I’m sure I’ll be crossing some of those names off my statement in the coming week or so.
Of course, they don’t need to resign. A new leader of the opposition appoints their own Shadow Cabinet. So the few resignations that we have seen are just for added flounce.
Of course, while this is good news, the election of JC has highlighted exactly how divided the Labour party is. A large chunk of the party are either brazen careerists, Blairite loyalists, who want to outdo the Tories in corporatist right wing policies, or spineless cowards who think that apologising grovellingly for the few things the last Labour government did right is the way back to power.
Corbyn will be going back into parliament with more solid support for his policies from the Greens and the Scottish and Welsh nationalists than he will from his own party.
Let 'em go.
Let’s sort the wheat from the chaff is what I say.
There are a couple of good responses to that accusation.
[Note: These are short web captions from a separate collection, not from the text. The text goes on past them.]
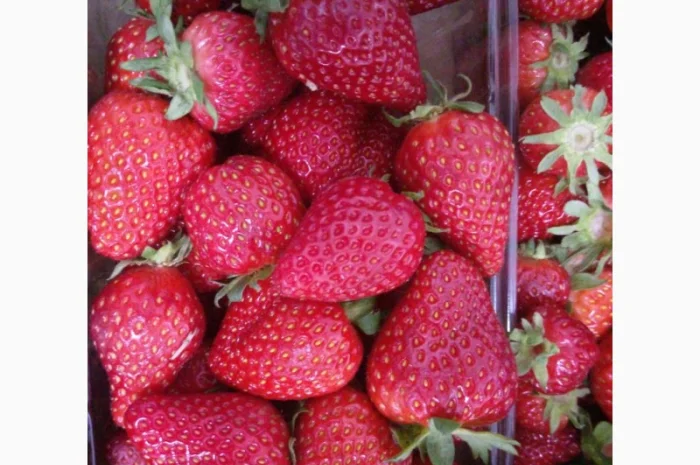 Продаєтся полуниця (суниця). Ремонтантний сорт. Опт та роздріб. Збір розпочато- фото № 1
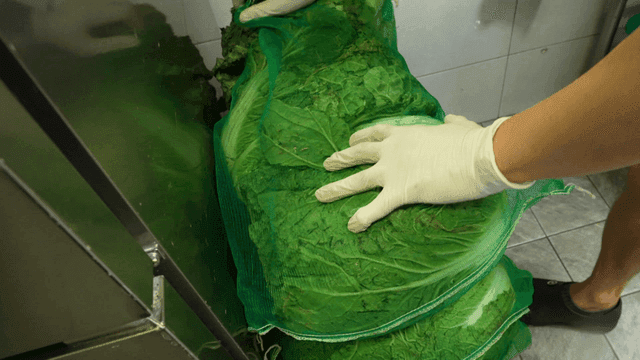 녹색 망에 담겨 주방에 쌓인 신선한 배추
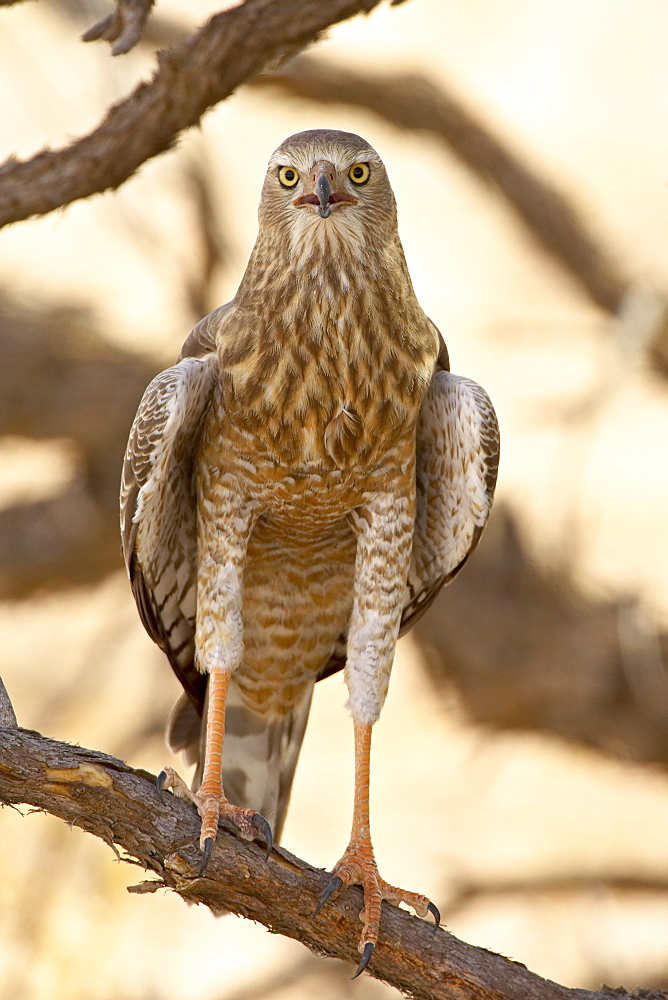 Juvenile pale chanting goshawk (Melierax canorus), Kgalagadi Transfrontier Park, encompassing the former Kalahari Gemsbok National Park, South Africa, Africa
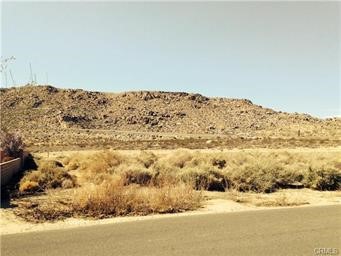 MLS #SW25054568 image #10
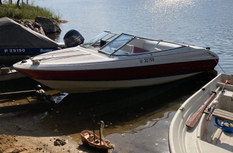 Bayliner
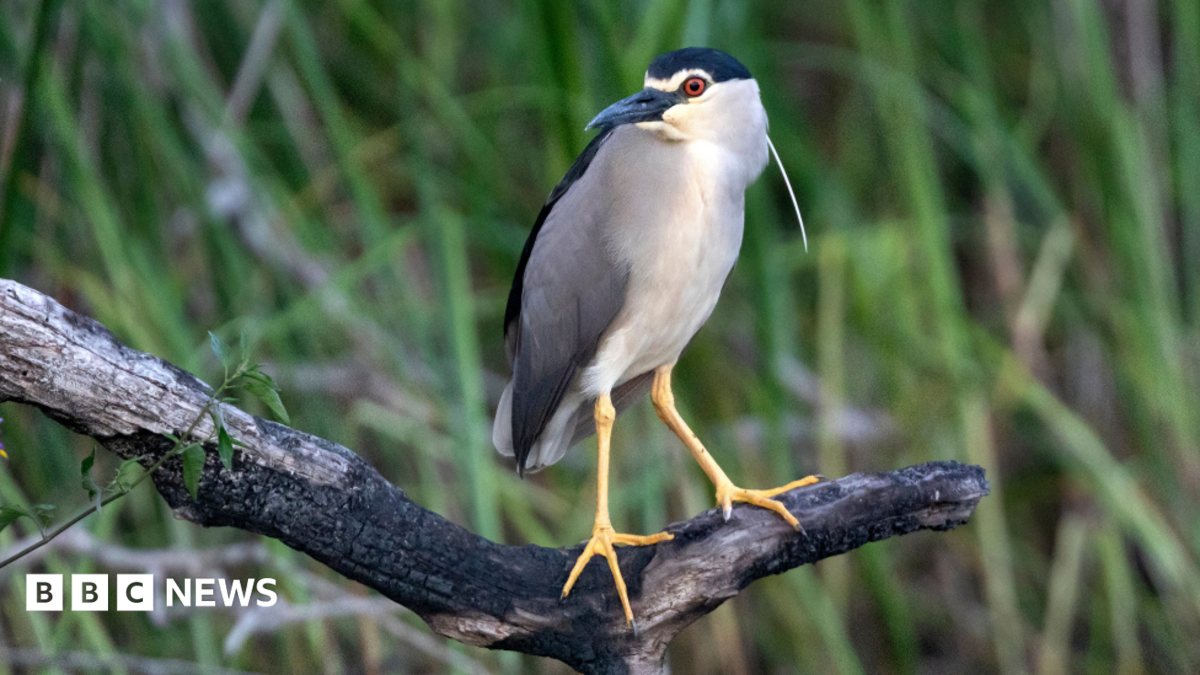 A night heron is standing on a branch. It has white plumage and black wings
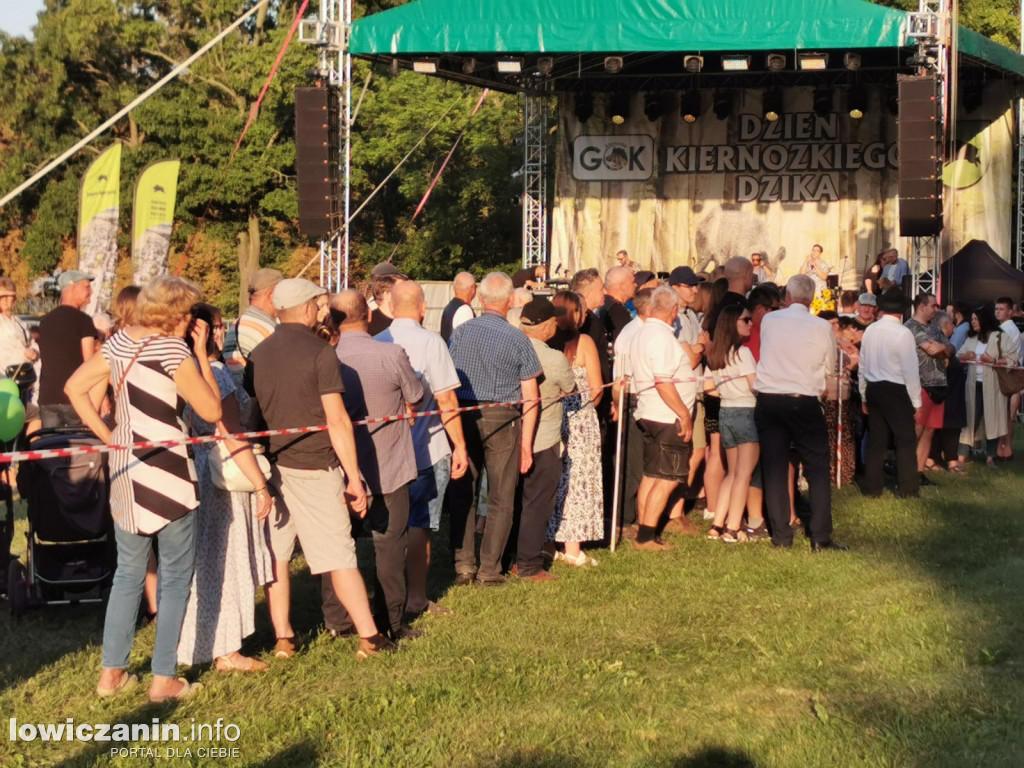 Dzień Kiernozkiego Dzika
She’s thinking, "does he actually have a wee Hitler mustache? ".
Parse that one carefully: “Our” does not equal “Your”
Oligarchy’s nation and economy
Prole’s family
It seems to be that the Parliamentary Party is divided, with the former leadership very out of touch with the members. The actual Labour Party members still delivered Corbyn a majority without the “entryists”, which shows just how deep the dissatisfaction goes. On their choice of leader they are more united than the Conservatives (Cameron and David Davis were in many ways polar opposites and it was close) or the Miliband/Miliband result.
I can’t believe Gaddafi and Mugabe sullied themselves by associating with those people.